*** INPUT MATERIAL ***
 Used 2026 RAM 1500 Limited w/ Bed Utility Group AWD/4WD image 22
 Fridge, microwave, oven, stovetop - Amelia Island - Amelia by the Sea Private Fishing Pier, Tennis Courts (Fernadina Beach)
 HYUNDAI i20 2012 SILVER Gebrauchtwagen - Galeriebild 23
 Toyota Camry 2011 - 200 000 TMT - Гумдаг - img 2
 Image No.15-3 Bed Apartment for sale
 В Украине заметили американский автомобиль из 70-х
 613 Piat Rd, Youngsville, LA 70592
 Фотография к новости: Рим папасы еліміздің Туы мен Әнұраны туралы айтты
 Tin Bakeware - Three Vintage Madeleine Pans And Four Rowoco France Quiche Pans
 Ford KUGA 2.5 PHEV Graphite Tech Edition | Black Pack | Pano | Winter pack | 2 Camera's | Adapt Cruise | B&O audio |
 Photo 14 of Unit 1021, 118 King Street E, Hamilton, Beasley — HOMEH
*** End of INPUT MATERIAL ***
*** INPUT MATERIAL ***
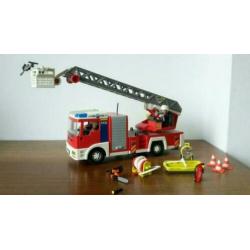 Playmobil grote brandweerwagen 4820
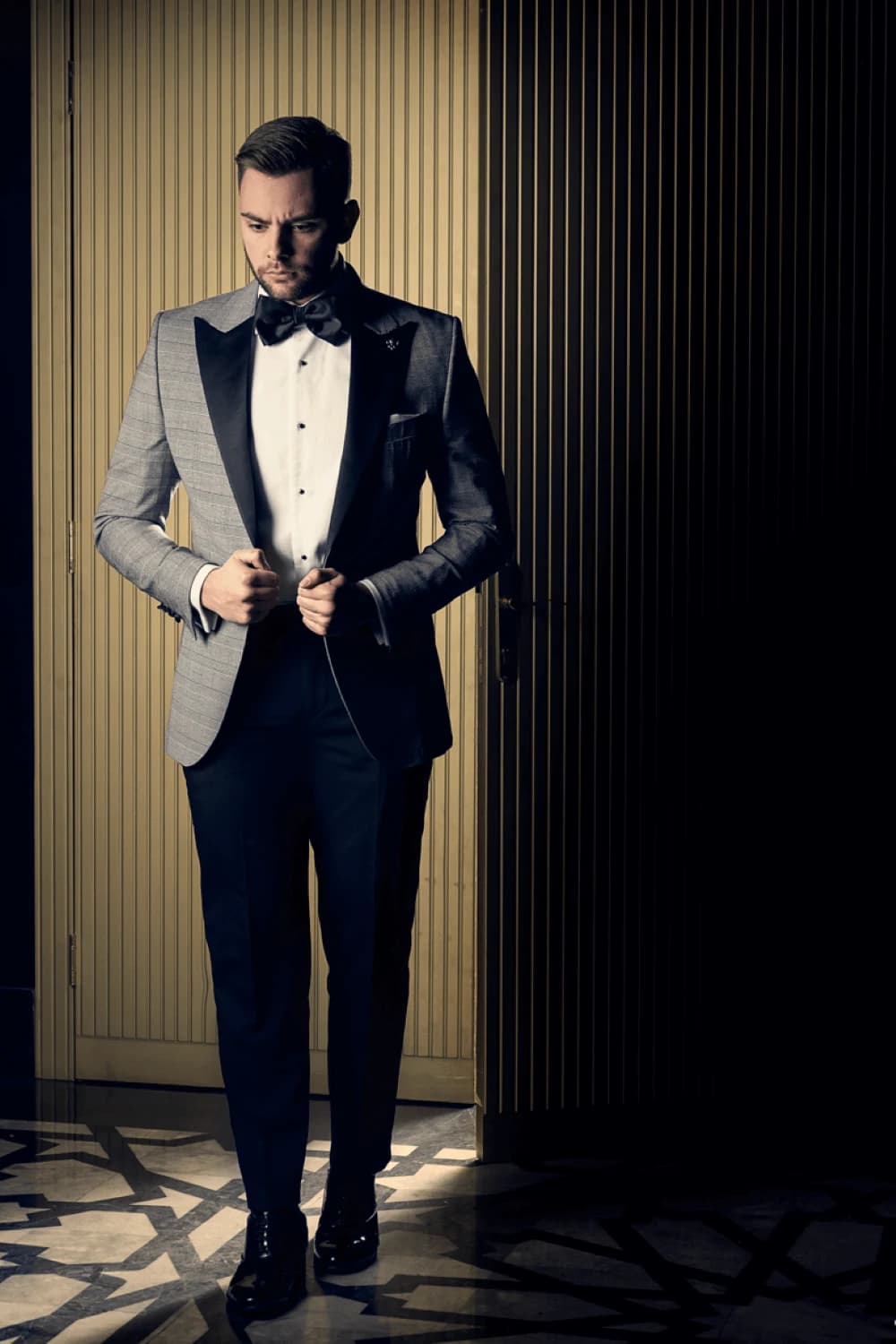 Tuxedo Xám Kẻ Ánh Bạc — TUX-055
*** End of INPUT MATERIAL ***
TO DO: Only the lines above from the one with "В Украине заметили" up to and including the one with "Photo 14 of" should be repeated, exactly as written.

ANSWER TO THIS EXERCISE:
 В Украине заметили американский автомобиль из 70-х
 613 Piat Rd, Youngsville, LA 70592
 Фотография к новости: Рим папасы еліміздің Туы мен Әнұраны туралы айтты
 Tin Bakeware - Three Vintage Madeleine Pans And Four Rowoco France Quiche Pans
 Ford KUGA 2.5 PHEV Graphite Tech Edition | Black Pack | Pano | Winter pack | 2 Camera's | Adapt Cruise | B&O audio |
 Photo 14 of Unit 1021, 118 King Street E, Hamilton, Beasley — HOMEH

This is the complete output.